Un Flic (1972) Directed by Jean-Pierre Melville

Astrid:
Un Flic is slow, stylish, vacuous, dangerous and a little bit dull. It makes me want to compare it to all the fantastic French movies I have seen and conclude that it is just not that great in the context.

Maybe this is genius and I'm the idiot here, but I am bored by straightforward bank robbery flicks.
There are no surprising twists here and Catherine Deneuve is hardly in the film. It's just oldish men in trench coats driving around in rain.

Alain Delon is cool and the best thing about the film. He has a phone in his cop car. The phone may actually be the star of the film. How did they do portable phones in the 1960s? The phone receiver is like a regular land line phone. And they are sexy.

Every time I'm in a hotel room with a land line phone I have to make long calls to the room next door (or where ever there is someone I know) and stare at myself in the mirror.

Melville is inspiring even when he is boring. There is scope for imagination here.

Nick:
Melville and Alain Delon, the director/actor team from one my favorite ever pictures,  Le Samourai. Un Flic (A Cop) doesn't disappoint, this is the final film by Melville and it's quite majestic.

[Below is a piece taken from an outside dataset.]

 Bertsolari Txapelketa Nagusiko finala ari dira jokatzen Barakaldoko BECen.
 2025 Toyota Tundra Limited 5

You can contemplate that directors like Jarmusch dream of the opening shot of a car driving along the kerb of a rain and windswept ocean front. The two robberies in the film, one in a bank and one on a train, both long scenes without dialogue, must have impressed Tarantino with their lack of showiness, oh to teach him restraint. The look of this film must have been studied by Scorsese, it's so precise. Yes, Melville is a master of the gangster movie genre, mixing villains with existentialism.

Alain Delon plays the cop of the title cleaning the streets of Paris of crime. He's a rather clumsy cop, not perfect and almost bored by the job. Catherine Deneuve plays the femme fatal that Delon has an  affair with. Richard Crenna plays her partner who heads the crime team making the robberies. There is little plot, as mentioned the dialogue is sparse, but Melville still turns up the tension and weaves heavy atmosphere with a series of magnificent shots and scenes. Deneuve has never looked so good on film. Delon matches her with an extra dose of weariness, though he's not quite the dish from Le Samourai.

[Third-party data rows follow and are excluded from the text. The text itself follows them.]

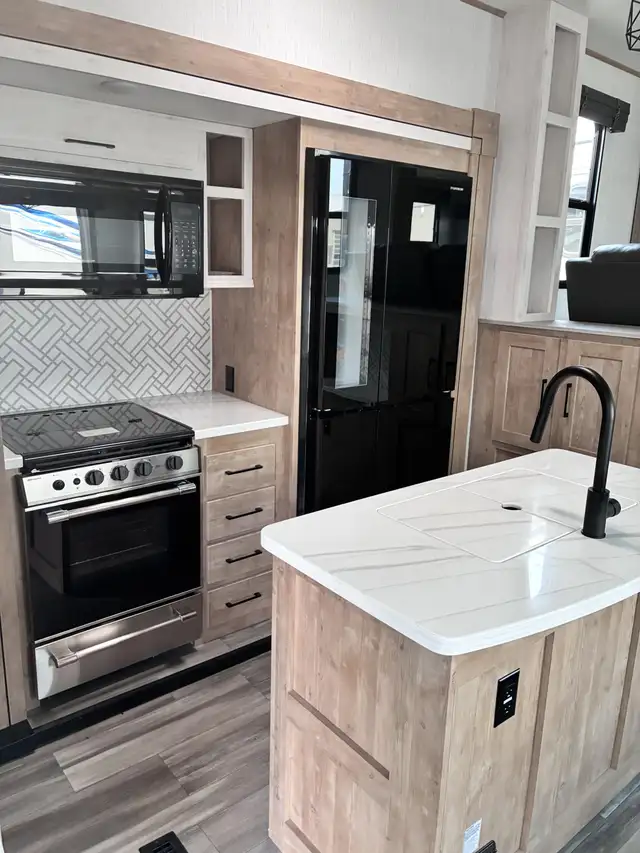 2023 Heartland MILESTONE 370 FLMB in Travel Trailers & Campers in St. Albert - Image 10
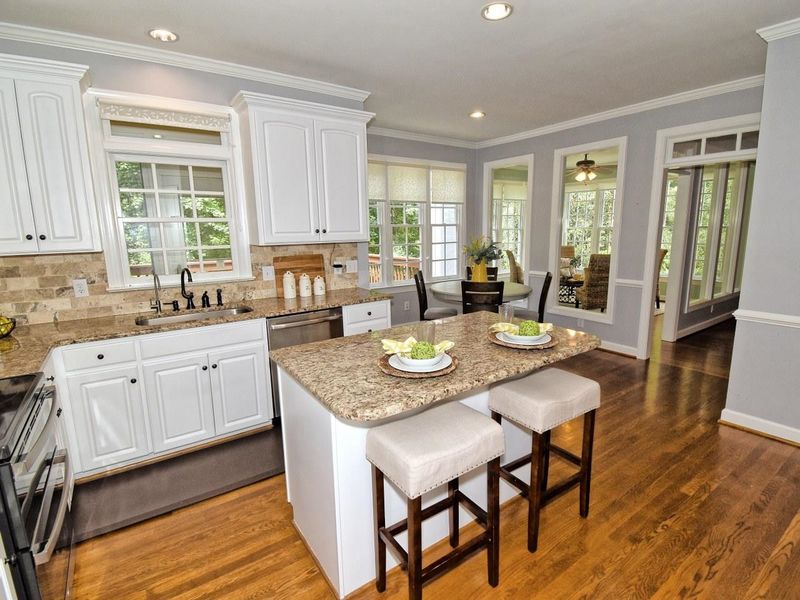 118 Tutbury Pl, Cary, NC 27519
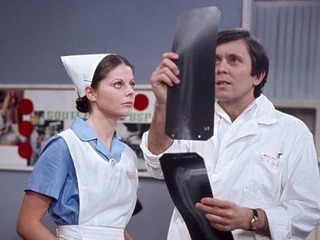 Sestrička Ina (73) z kultového seriálu Nemocnice na kraji města po rokoch: Pozrite, stále je KRÁSNA!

Delon is cop at the piano in the bar, playing Michel Colombier's wonderful music. Deneuve dressed as a nurse administering murder through a needle. The transvestite informant has a special relationship with the cop. The suicide with a pistol to the head we think we see. The final long shot of the cop and his sidekick in a car, glum and destroyed by the routine of being policemen and how the case has turned out,  is funny yet sad. There is so much to enjoy in this picture. An absorbing masterpiece, track down Un Flic, it's worth it.